Voici le texte de mon intervention de ce
vendredi :
Je tiens tout d’abord à vous demander de bien
vouloir excuser le président du Conseil Régional de Picardie, Claude Gewerc, et le Vice Président en charge de la culture, mon ami Alain Reuter qui sont retenus par ailleurs dans le cadre du
lancement de l’opération majeur pour la région Picardie qu’est « Invitations d’artistes »
Ensuite me féliciter de voir enfin ce cinéma
rénové. Cette vielle bâtisse date de 1905, et elle fut construite sur l’emplacement probable du terrain de tir des arquebusiers de Ham. Longtemps théâtre, et même hôpital de campagne pendant le
premier conflit, elle a fait le bonheur de la troupe de théâtre de Ham dans laquelle plusieurs générations de hamois on pu exprimer leur talent.
C’est sous le mandat de Michel Rigaux, maire
de Ham et de son adjoint Alain Portebled que la salle fut une première fois rénovée en 1974 pour être confiée dans en premier temps à des gestionnaires privés puis à une association locale
Ciném’Ham portée par Luc Marissal et Alain Portebled.
Sans ces deux personnages, acteurs
infatigables de l’expression culturelle du pays hamois, nous ne serions pas ici ce jour.
Salle classée « Art et Essai »
pendant de nombreuses années, c’est grâce à une programmation judicieuse quelle a pu survivre malgré l’ouverture des nombreux complexes multisalles de Picardie.
Ouverte au monde scolaire, œuvrant donc pour
la réussite éducative bien avant l’heure, ouverte au monde associatif en décentralisant le Festival International d’Amiens, le Festival du Jeune Public de Saint Quentin (cher à Xavier Bertrand et
Pierre André), le Festival du film archéologique, elle démontre ainsi son dynamisme dans le pays hamois mais bien au-delà.
Je souhaite à la nouvelle équipe qui a pris la
direction de l’association de pouvoir renouer tout les contacts avec les partenaires pour poursuivre dans cette ligne d’ouverture culturelle sur le cinéma d’ici et d’ailleurs et j’engage son
président à travailler avec toutes les instances culturelles régionales que sont l’Atelier 142, l’ACAP ainsi que le comité d’expert sur le financement des films du Conseil Régional de Picardie,
instances dans lesquelles siégeait notre Ami Alain Portebled. Mais nous pouvons y ajouter le festival du film historique de Compiègne (cher à Philippe Marini), le festival international du film
de Beauvais (cher à Caroline Cayeux), le festival international du film animalier d’Albert (cher à Stéphane Demilly), les festivals Les yeux ouverts, Faire Court et Off Short.

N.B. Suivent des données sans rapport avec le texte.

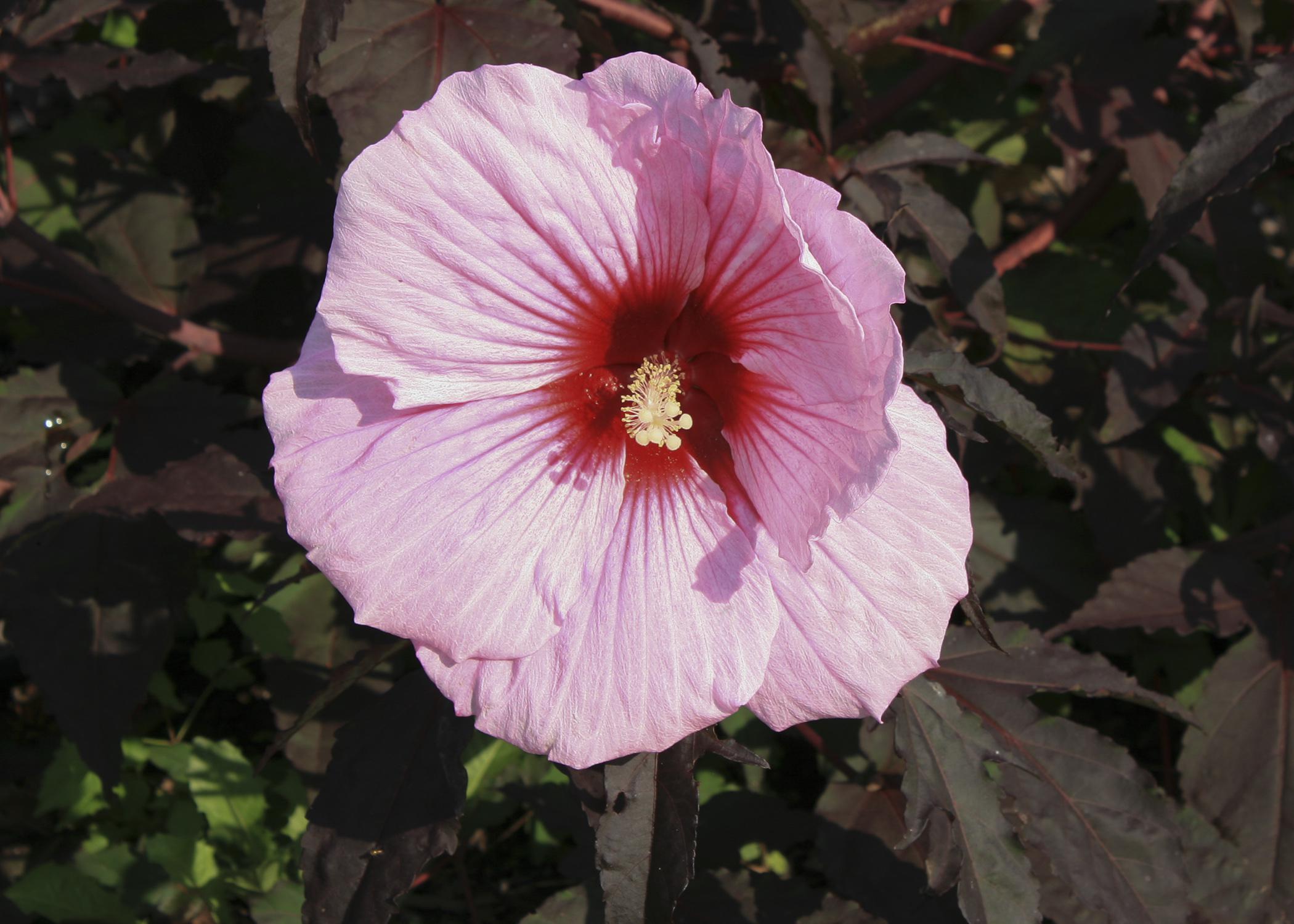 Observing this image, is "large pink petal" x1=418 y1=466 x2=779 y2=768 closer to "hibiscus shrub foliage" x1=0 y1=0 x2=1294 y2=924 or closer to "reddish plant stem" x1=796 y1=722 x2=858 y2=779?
"hibiscus shrub foliage" x1=0 y1=0 x2=1294 y2=924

Autant d’évènement cinématographique que le
Conseil Régional de Picardie aide depuis de nombreuses années sans faire de distinction sur les couleurs politiques des municipalités, contrairement à ce que peut dire une future sénatrice, maire
d’une grande ville de l’Oise.
Mais revenons sur cette salle rénovée, si
l’association donne vie à l’objet même du lieu, fait vivre les murs, il me semble important de pouvoir le faire dans les meilleures conditions.

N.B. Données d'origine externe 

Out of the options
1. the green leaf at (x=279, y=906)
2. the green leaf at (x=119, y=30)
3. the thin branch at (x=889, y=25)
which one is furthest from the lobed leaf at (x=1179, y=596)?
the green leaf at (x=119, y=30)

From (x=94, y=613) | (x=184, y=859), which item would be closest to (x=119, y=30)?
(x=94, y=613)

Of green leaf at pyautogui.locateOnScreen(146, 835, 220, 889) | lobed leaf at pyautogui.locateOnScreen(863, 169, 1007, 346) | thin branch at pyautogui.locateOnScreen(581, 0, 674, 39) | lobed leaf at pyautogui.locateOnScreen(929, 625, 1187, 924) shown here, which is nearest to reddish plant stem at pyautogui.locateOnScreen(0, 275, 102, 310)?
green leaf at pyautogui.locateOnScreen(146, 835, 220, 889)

Un investissement lourd pour une collectivité,
même si elle est aidée en cela par les partenaires que sont les collectivités territoriales, pour sa part le Conseil Régional de Picardie à financé l’AMO pour 12 375€ et la rénovation pour
204 204€, et je peux vous annoncer que la demande de subvention concernant la numérisation de la salle est dans les tuyaux, et si le dossier est complet, devrait être voté dans les
prochaines semaines. En effet notre collectivité à souhaité aider les petites salles (moins de 3 écrans) pour le passage au numérique, et là encore sur des critères objectifs que vous connaissez
bien mon cher collègue.
Enfin je tiens à saluer le geste technique de
l’architecte qui a réalisé un très bon travail, mais il n’en était pas à sa première salle puisque il me semble que la rénovation du cinéma de Thourotte, cinéma de mes premiers films, est aussi
son œuvre.
Que cette salle de cinéma puisse continuer à
diffuser largement les films que l’association aura choisit de programmer, quelle serve aussi au développement d’actions culturelles, pas seulement celles qui arrivent toute faites, mais aussi
celles qui pourraient se créer sur place en favorisant des résidences d’artistes en ces lieux, celles qui pourraient être le travail des acteurs culturels locaux qui œuvrent pour la création
culturelle depuis de nombreuses années tant sur le plan scolaire qu’associatif. Enfin, j’ai un rêve, que ce lieu puisse dès l’an prochain s’inscrire
dans la démarche culturelle de la 8e édition d’« Invitations d’artistes »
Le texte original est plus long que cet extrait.